Have you ever joined the line outside a restaurant and the waiting time feels like an eternity? That’s known as the Psychology of Waiting, which is the perception of the amount of time that passes when someone if waiting.
We've put together a list of 5 research-proven ways to reduce the perceived waiting time of your customers and lessen their frustrations.
1. Acknowledge and Inform your Customer on the Estimated Waiting Time.
Unanticipated waits feel longer than anticipated waits, so even just a greeting to a waiting customer and explain that they will be served shortly will make their wait feel that much shorter. If a particular dish needs extra time to be prepared or the kitchen would take longer to get their order ready, let the customers know in advance before they even place their orders.
2. Keep Your Customers Occupied
Give your customer something to do, like reading the menu while waiting for a table or tuck into some entrees first if their order will take a while.
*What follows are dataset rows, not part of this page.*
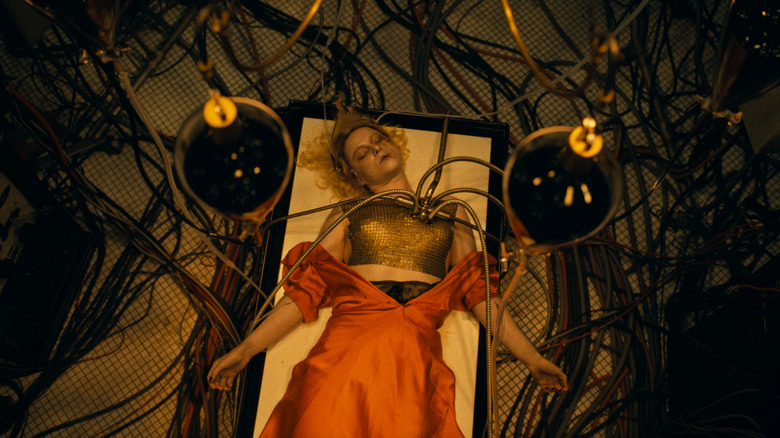 La Mariée sur une civière, sur le point de ressusciter dans La Mariée !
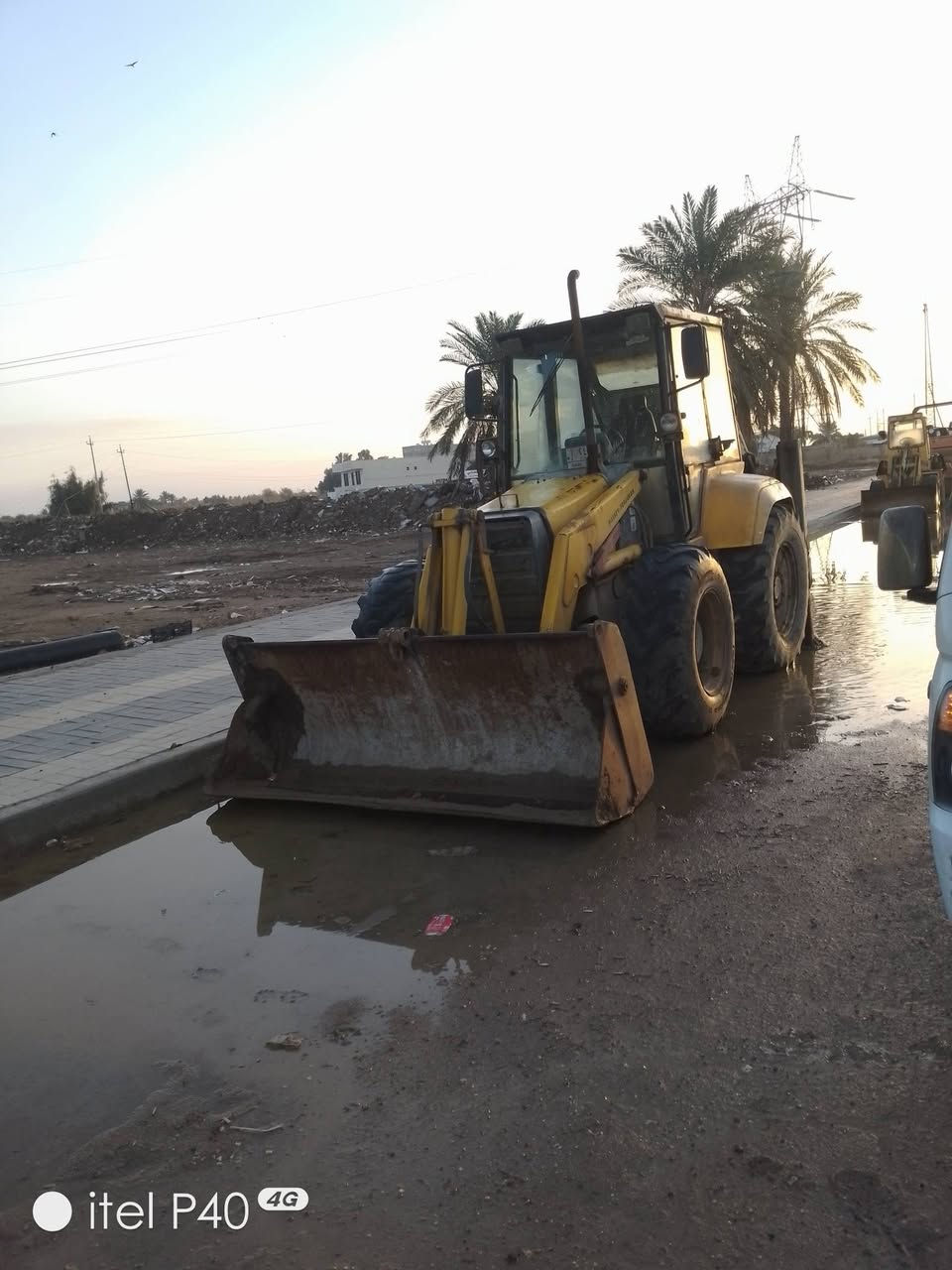 سلام  عليكم من رخصت الادمن
حفارة MFانكليزي موديل 91 رقم واسط سنوية نافذة محرك.مجفت مضخة جديدة مكان بغداد شراي فقط يتصل.ملتزمين بعمل.***********.***********
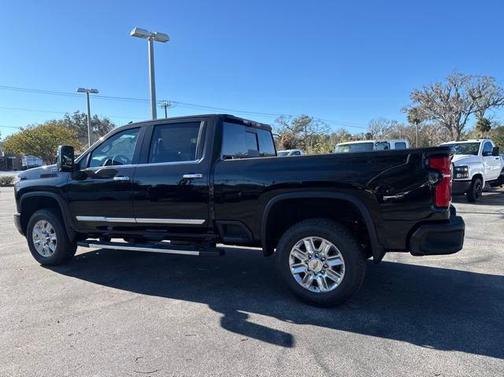 2025 Chevrolet Silverado 3500 High Country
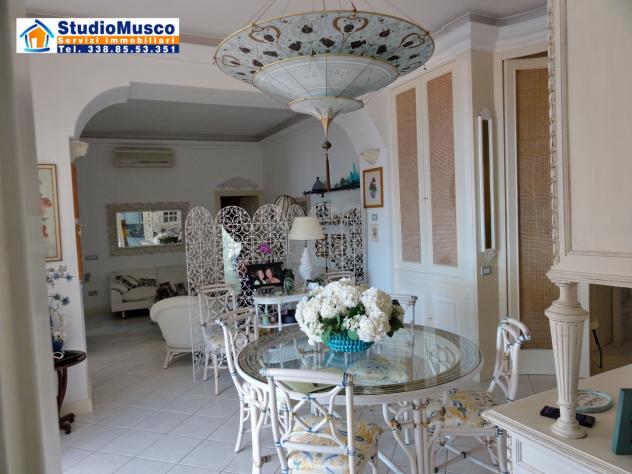 StudioMusco vende a Capri, su via Marina Piccola panoramicissimo appartamento indipendente. Con ampia terrazza panoramica, piccolo giardinetto, posto - Foto 10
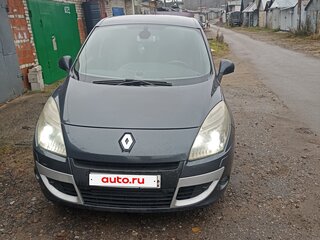 2009 Renault Scenic III, серый, 600000 рублей, вид 2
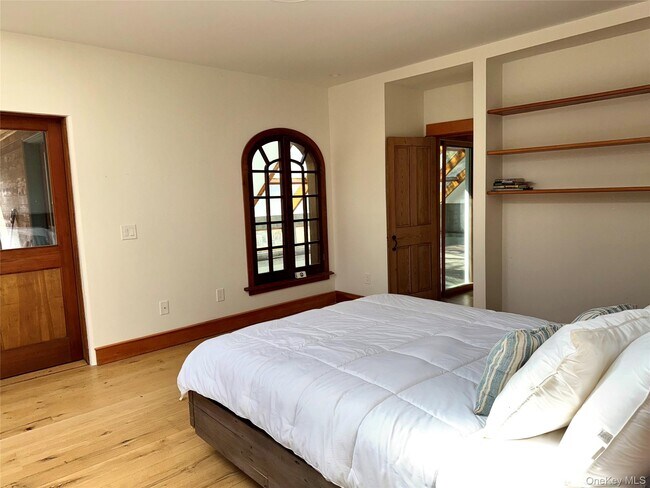 Building Photo - 22 Knight Rd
This would drastically reduce the perception of the amount of time that they spent waiting for a table or food.
3. Make Sure Your Customer Is Comfortable
Physically uncomfortable waits, like waiting under the sun, feel unbearably longer than comfortable waits. Guide the customer in a designated waiting space where there are seats and under shelter.
4. Ensure There Is No Line-Cutting Or Queue-Jumping
Unfair waits could result in increased frustration and dissatisfaction. Try establishing a protocol to queue up multiple waiting customers, this can be done by taking the customer’s name or assigning a queue number. Another way to ensure fairness could be serving big groups of customers only when everyone is physically present.
5. Reassure Your Customers From Time To Time.
Anxiety makes waiting worse, so always try to serve your customers some refreshments and keep them updated on the waiting process.
These practices are not meant to be distinct and they, in fact, tend to work best when used together.